*** Source data ***

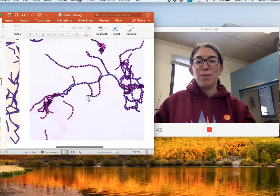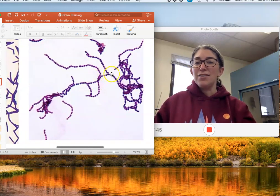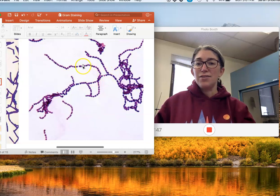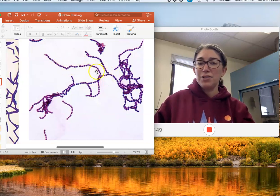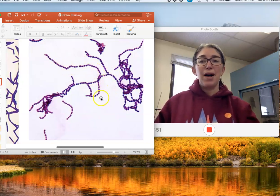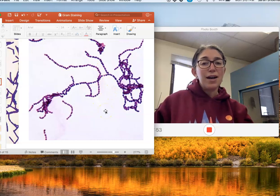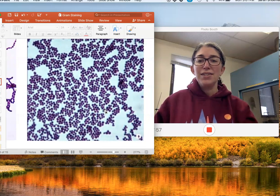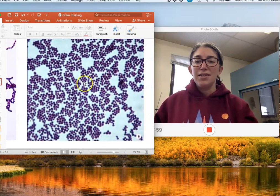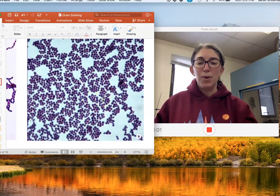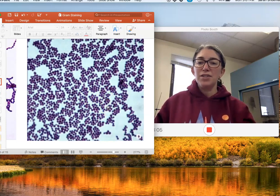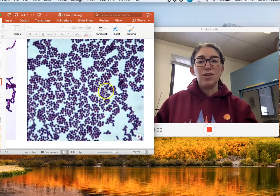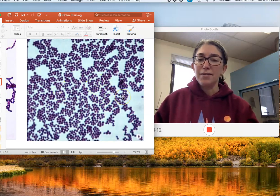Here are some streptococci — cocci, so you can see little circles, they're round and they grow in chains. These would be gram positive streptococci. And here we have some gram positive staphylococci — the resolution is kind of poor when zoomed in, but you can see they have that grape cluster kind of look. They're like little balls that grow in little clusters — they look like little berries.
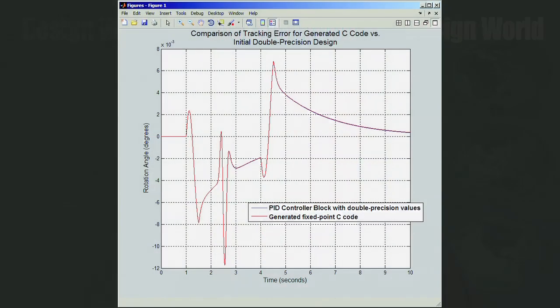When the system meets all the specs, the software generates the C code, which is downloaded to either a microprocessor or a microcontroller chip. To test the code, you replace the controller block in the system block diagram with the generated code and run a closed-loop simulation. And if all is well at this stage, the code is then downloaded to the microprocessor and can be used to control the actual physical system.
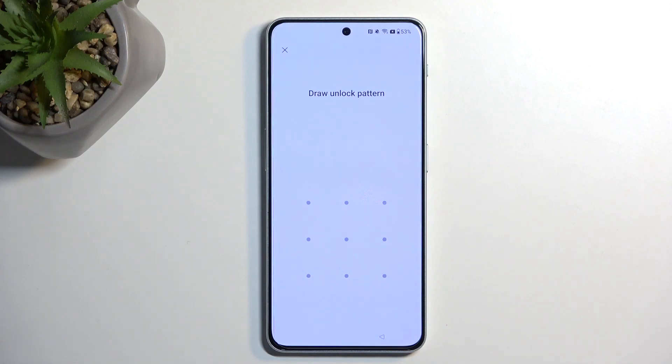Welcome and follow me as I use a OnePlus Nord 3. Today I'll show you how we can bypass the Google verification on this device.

***
*** Source data ***

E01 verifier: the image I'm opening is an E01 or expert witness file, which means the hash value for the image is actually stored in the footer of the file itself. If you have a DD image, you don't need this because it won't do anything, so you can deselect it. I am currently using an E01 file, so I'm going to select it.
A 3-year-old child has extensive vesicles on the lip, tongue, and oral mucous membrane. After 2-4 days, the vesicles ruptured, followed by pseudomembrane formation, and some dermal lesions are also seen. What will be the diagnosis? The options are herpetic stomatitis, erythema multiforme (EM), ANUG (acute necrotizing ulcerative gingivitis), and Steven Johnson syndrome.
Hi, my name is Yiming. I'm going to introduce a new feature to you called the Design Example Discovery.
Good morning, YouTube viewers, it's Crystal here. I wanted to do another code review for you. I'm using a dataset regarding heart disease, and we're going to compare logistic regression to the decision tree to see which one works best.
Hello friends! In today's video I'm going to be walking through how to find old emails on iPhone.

***

Work required => Every line above that holds the word "using" should be copied out.

Output =>
E01 verifier: the image I'm opening is an E01 or expert witness file, which means the hash value for the image is actually stored in the footer of the file itself. If you have a DD image, you don't need this because it won't do anything, so you can deselect it. I am currently using an E01 file, so I'm going to select it.
Good morning, YouTube viewers, it's Crystal here. I wanted to do another code review for you. I'm using a dataset regarding heart disease, and we're going to compare logistic regression to the decision tree to see which one works best.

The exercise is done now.